У стен Москвы | страница 17



Не успевала отзвучать вдали одна песня, как над новой группой ребят, только что вышедших из здания, быстрокрылой птицей взмывала ввысь другая, еще более задорная и звонкая песня:

Кипучая,
Могучая,
Никем непобедимая,
Страна моя, Москва моя,
Ты самая любимая!..

Молодке люди, остановившись у ворот школы, слушали песни учеников и вспоминали то не столь далекое время, когда сами были такими же веселыми и жизнерадостными, как эти ребята.

— А все-таки школьные годы — самая лучшая пора в жизни, правда? — с сожалением сказала Наташа.

— Правда, — согласился Евгений.

— А вы как думаете, Саша?

Кожин сделал вид, будто задумался.

— Мне трудно оказать что-нибудь определенное. Но раз вы утверждаете… Спорить не стану. С вершины вашего возраста видней.

Наташа рассмеялась.

— А я… Я думала, вы станете спорить.

— Ну что вы!.. Разве я посмел бы.

И снова они смеялись. А Хмелев снисходительно улыбался. Своим видом он давал Наташе понять, что лично ему совсем не смешно от этой довольно плоской шутки. Но девушка не заметила иронии. Успокоившись, она предложила:

— Давайте погуляем немного, — и, не ожидая согласия, взяла своих друзей под руки.

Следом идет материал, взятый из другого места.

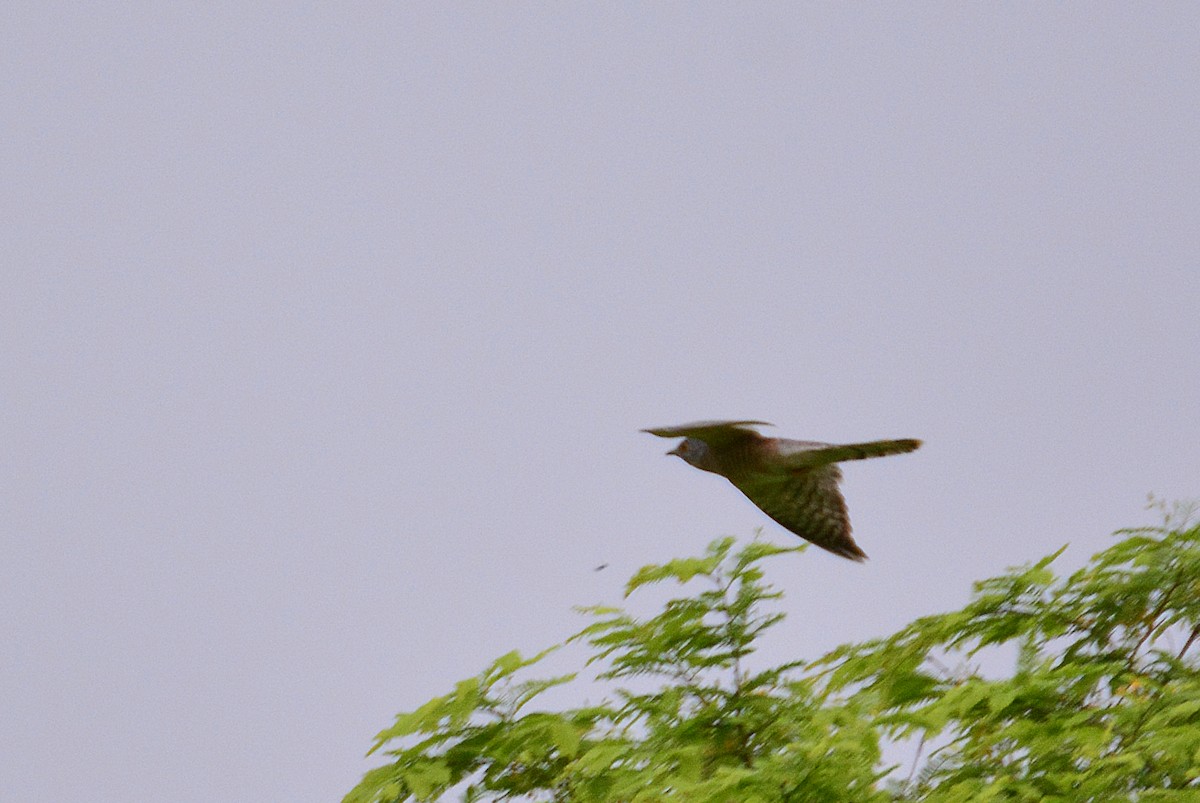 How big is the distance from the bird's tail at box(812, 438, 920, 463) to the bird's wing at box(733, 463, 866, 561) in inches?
27.4

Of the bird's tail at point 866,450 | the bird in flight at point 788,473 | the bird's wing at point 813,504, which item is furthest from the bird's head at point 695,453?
the bird's tail at point 866,450

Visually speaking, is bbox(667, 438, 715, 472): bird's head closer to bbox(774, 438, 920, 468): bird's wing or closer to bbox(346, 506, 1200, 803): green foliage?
bbox(774, 438, 920, 468): bird's wing

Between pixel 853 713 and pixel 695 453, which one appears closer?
pixel 853 713

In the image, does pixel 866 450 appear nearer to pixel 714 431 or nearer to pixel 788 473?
pixel 714 431

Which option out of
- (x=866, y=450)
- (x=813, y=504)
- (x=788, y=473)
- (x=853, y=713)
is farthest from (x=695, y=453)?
(x=853, y=713)

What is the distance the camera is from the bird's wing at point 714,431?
22.0 feet

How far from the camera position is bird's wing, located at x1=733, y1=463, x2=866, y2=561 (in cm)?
866

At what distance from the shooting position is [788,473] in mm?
8469

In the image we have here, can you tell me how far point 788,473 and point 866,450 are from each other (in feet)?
3.78

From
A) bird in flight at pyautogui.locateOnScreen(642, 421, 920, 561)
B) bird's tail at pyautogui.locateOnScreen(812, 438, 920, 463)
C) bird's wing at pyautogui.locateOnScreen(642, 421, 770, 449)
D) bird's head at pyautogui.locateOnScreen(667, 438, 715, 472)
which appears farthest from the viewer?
bird's head at pyautogui.locateOnScreen(667, 438, 715, 472)

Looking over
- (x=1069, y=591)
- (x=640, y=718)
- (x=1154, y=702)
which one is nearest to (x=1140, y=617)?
(x=1069, y=591)

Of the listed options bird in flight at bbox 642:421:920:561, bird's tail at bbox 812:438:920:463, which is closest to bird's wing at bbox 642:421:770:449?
bird in flight at bbox 642:421:920:561

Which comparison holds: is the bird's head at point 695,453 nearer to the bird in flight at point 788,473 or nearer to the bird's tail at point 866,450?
the bird in flight at point 788,473

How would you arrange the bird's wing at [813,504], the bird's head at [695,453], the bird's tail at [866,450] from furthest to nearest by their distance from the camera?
the bird's wing at [813,504] < the bird's head at [695,453] < the bird's tail at [866,450] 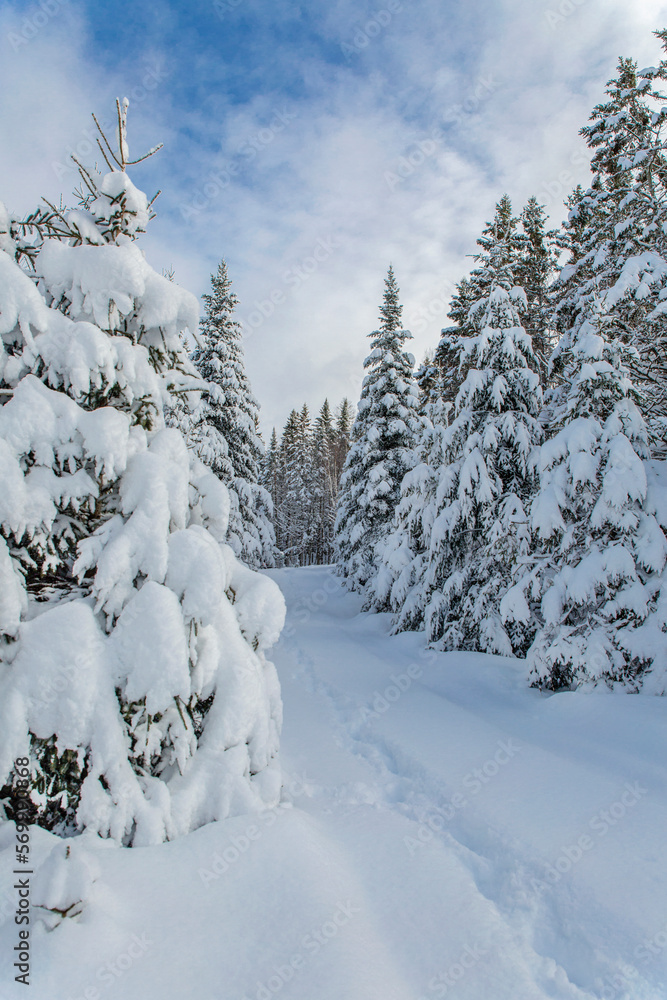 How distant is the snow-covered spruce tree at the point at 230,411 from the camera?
59.0 feet

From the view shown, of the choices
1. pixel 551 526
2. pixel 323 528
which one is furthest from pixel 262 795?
pixel 323 528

Дойдя до остановки, они сели в автобус и поехали на Ленинские горы. Минут через тридцать они уже стояли на высоком берегу реки. Отсюда, с пятидесятиметровой высоты, город был виден как на ладони. Вдали рубиновым светом горели Кремлевские звезды. Над Москвой-рекой горбились мосты, а в притихшей, сонной воде отражались электрические огни.

Наташа как зачарованная смотрела то на предпраздничный, залитый огнями город, то на серебристый диск только что народившейся луны, который медленно скользил по темно-серому небосводу.

— Я никогда не думала, что отсюда открывается такая чудесная панорама! — продолжая любоваться предпраздничной Москвой и ночным небом, восхищалась Наташа.

— Ты разве никогда не была здесь? — спросил Хмелев.

— Никогда. Много раз намеревалась приехать, но так и не собралась.

— Знаменитое место. Здесь в 1827 году Александр Герцен и Николай Огарев поклялись посвятить свои жизни революционной борьбе.

— Верно. Только это было на год позже — в восемьсот двадцать восьмом, — поправил его Кожин.

— Может быть, ты и прав… — согласился Евгений и заговорил о музыке.

Здесь он был в своей стихии. По его словам получалось, что только музыка способна взволновать человека до глубины души, заставить его смеяться или плакать.

Кожин соглашался, что хорошая музыка действительно может раскрыть душевный мир человека, всколыхнуть самые сокровенные его чувства. Но разве только музыка способна на это?